Mike Freer, the minister, is working on legislation. “Trans people are our friends and our colleagues,” he said. He knows survivors still suffer years later, and new victims are being subjected to conversion. But he still said, “We do not agree with attempts to change someone’s gender, but we wish to ensure that any action that we bring forward on transgender conversion practices does not have wider implications, such as affecting access to legitimate therapies.” So, trans people will be excluded from the legislation. He gave credence to the ridiculous fear that exploration might be criminalised, when it is clearly distinguished from conversion: conversion has a predetermined outcome, exploration does not. He hopes to introduce a Bill by October. He suggested if amendments were possible, someone might try to reduce trans rights in the Equality Act or Gender Recognition Act. So the Bill must be narrow.
He said the NHS provision for trans is “cumbersome, it is not patient-centred, and it does not work”. So people seek treatment on the “Wild West” of the internet. Here, he might be seen to attack legitimate private health care.
There is now a support service for past victims, run by Galop, the leading LGBT+ anti-violence charity.
Anti-trans campaigner Jackie Doyle-Price gave a careful speech.

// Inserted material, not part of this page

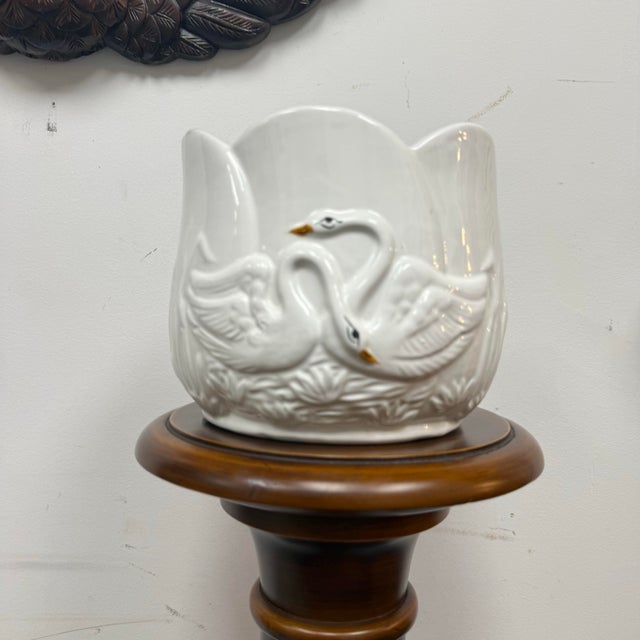 White 20th Century Portuguese White Ceramic Swan Planter For Sale - Image 8 of 9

She wants a ban on “coercive and harmful practices based on ideological opposition” but not “a therapeutic pathway to establish informed consent”, which she calls necessary support. She claimed gender dysphoria can be “a symptom of something else” such as trauma. She said people should not be given treatment which will harm them. So, she ignores the harm from refusal of treatment to trans people. Both acting and failing to act can carry risk. She confessed that puberty blockers are not irreversible, then claimed hormone treatment is “routinely” given to 16 year olds. This is false. Then she complained about the suffering of detransitioners. She claimed, falsely, that there had been no conversion practices in a clinical setting since 1970, ignoring the case of Robert Withers.
Neale Hanvey, who is gay, was unable to stay in the SNP after multiple complaints, and joined the obsessively anti-trans Alba party. He gave a mean-spirited speech, without the courage to say out loud what he meant. He said that we do not affirm the dysmorphia of anorexics, but challenged by Nadia Whittome he claimed not to be comparing that to the real trans people, only talking about information and consent. Then he said puberty blockers damage people like chemotherapy does. So people taking them need all the information on damage and to consider all the possibilities. He claimed GIDS staff felt pressure to be unquestioningly affirmative of gender identity. He wanted to ban conversion practices and stop using the term “therapy” for them, but also to persuade teenagers they weren’t trans really.
Anti-trans campaigners made brief interventions. Peter Bottomley, Con, complained again of Kathleen Stock and Helen Joyce being bullied. It looks like the old perv fancies them. Nick Fletcher, Con, who resents it when he finds modern life confusing, claimed banning conversion practices would affect freedom of speech. That’s like saying banning rape affects freedom to have sex.
Fletcher wanted parents and teachers to tell trans children to “watch and wait”, rather than even have exploratory therapy. Where there is a strong taboo on insulting other members, people get creative. Alyn Smith, SNP, said, “I will take the intervention at face value as a genuine expression of concern,” before refuting it.
Bernard Jenkin, Con, said everything spoken about was an offence already. What new crime would there be? Well, intent to convert would be an aggravating factor in other crimes, which it is not, now. Elliot Colburn suggested deliverance prayers and exorcisms are not currently criminal. General attempts to convert are not, either.
Other MPs speaking for a ban included Jeremy Corbyn, Bell Ribeiro-Addy, Dr Kieran Mullan, Nadia Whittome, Alex Sobel and Anneliese Dodds.